The distributed design additionally provides flexibility and robustness. Each local model can operate independently, allowing for partial inference even when one or more sensors become disconnected. This capability improves fault tolerance and supports modular scalability, critical features in real-world environments with unpredictable conditions. These aspects, along with reduced communication overhead, further reinforce the suitability of distributed learning systems for wearable applications with resource constraints.

Despite these advantages, the distributed framework presents certain limitations. Local models may lack the global context available in centralized architectures, which can impact classification performance in activities that involve inter-limb coordination. Furthermore, managing asynchronous data streams and synchronizing predictions across multiple nodes introduces architectural complexity, particularly in lossy or bandwidth-limited communication environments.

Another important consideration is the absence of explicit spatial calibration between sensors. In this study, each local model leveraged only its motion data, which was sufficient for the selected activities. However, tasks that require precise relative positioning, such as gait symmetry analysis, sign language interpretation, or specific rehabilitation protocols, may benefit from sensor alignment in a standard spatial frame. As the focus here was to demonstrate a minimally coordinated distributed system, alternative spatial configurations and calibration strategies were not explored.

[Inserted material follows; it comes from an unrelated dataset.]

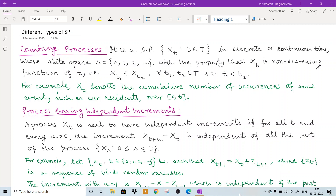Welcome to the second lecture on the stochastic process. In the first lecture I discussed the definition of stochastic processes with some examples, and then I discussed the classification of stochastic processes based upon the nature of the state space and the time moment. Now in this lecture I will discuss some different types of stochastic processes which will be used in later lectures.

Lastly, it is essential to distinguish the proposed HAR framework from full-body biomechanical systems such as Xsens. These systems aim to reconstruct body pose using anatomically anchored sensor placements and high-precision inertial data, typically requiring extensive spatial calibration and personalized models. In contrast, our system focuses on activity classification using independently captured local motion features, without reconstructing global posture. This design supports computational efficiency, modular deployment, and ease of use in practical applications where full pose estimation is unnecessary or impractical.

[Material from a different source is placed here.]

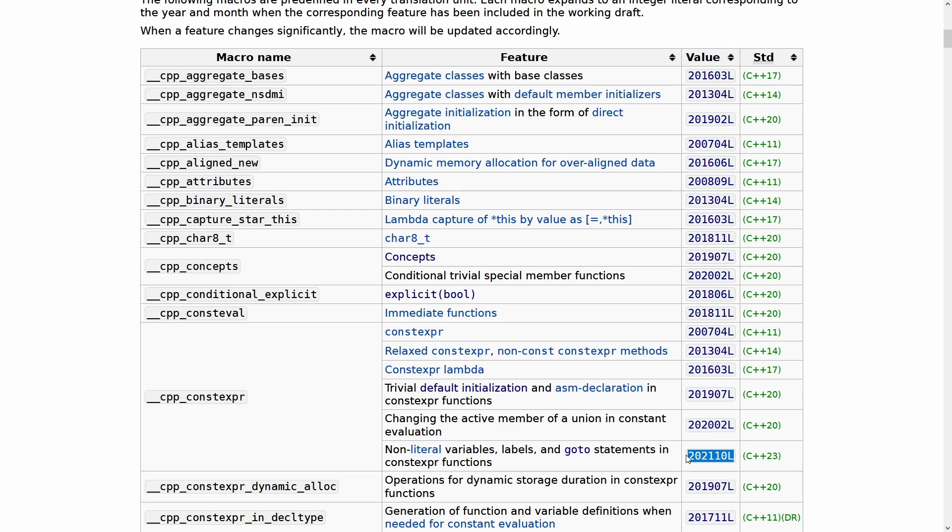So check this out if you need it. Hopefully you can avoid it because this does rely on using the C++ preprocessor, but it's there. It's a tool if you need it.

In summary, while the centralized model offers high overall accuracy and more straightforward integration, the distributed approach provides superior precision, energy efficiency, and robustness. These qualities make it a strong candidate for real-time embedded activity recognition. Table 6 summarizes the key trade-offs discussed in this section and supports informed system design decisions based on specific deployment constraints.

Future work will focus on exploring architectures that adaptively combine centralized and distributed inference based on contextual factors and energy constraints. Promising research directions include developing methods to dynamically weight sensor contributions, incorporating attention mechanisms at the fusion stage, and enabling online learning directly at the edge. While the current evaluation was conducted in a controlled environment with a predefined activity protocol to ensure synchronization and label consistency, one of the primary motivations behind the proposed distributed framework is its potential scalability to real-world, dynamic scenarios. Accordingly, future efforts will include validating the model under unscripted, noisy conditions and free-form activity sessions to assess its robustness and generalizability. Moreover, extending evaluation to multi-user scenarios, outdoor environments, and intermittent connectivity will be crucial for advancing the deployment readiness of these systems. Finally, implementing and validating the proposed framework in real-world, real-time conditions beyond offline simulation remains an essential step toward practical application.

Author Contributions

Software, J.L.R.-C., K.N.-T., L.S.-A. and J.F.P.-M.; Investigation, J.L.R.-C., K.N.-T., L.S.-A. and J.F.P.-M.; Writing—review & editing, J.L.R.-C., K.N.-T., L.S.-A. and J.F.P.-M. All authors have read and agreed to the published version of the manuscript.

Funding

This research received financial support from the NSF EPSCoR Center for the Advancement of Wearable Technologies (CAWT) under Grant No. OIA-1849243.

Institutional Review Board Statement

The study was conducted under the Declaration of Helsinki and approved by the University of Puerto Rico’s Institutional Review Board (IRB) under protocol number 2024120022 (approved on 27 January 2025).

Informed Consent Statement

Informed consent was obtained from all subjects involved in the study.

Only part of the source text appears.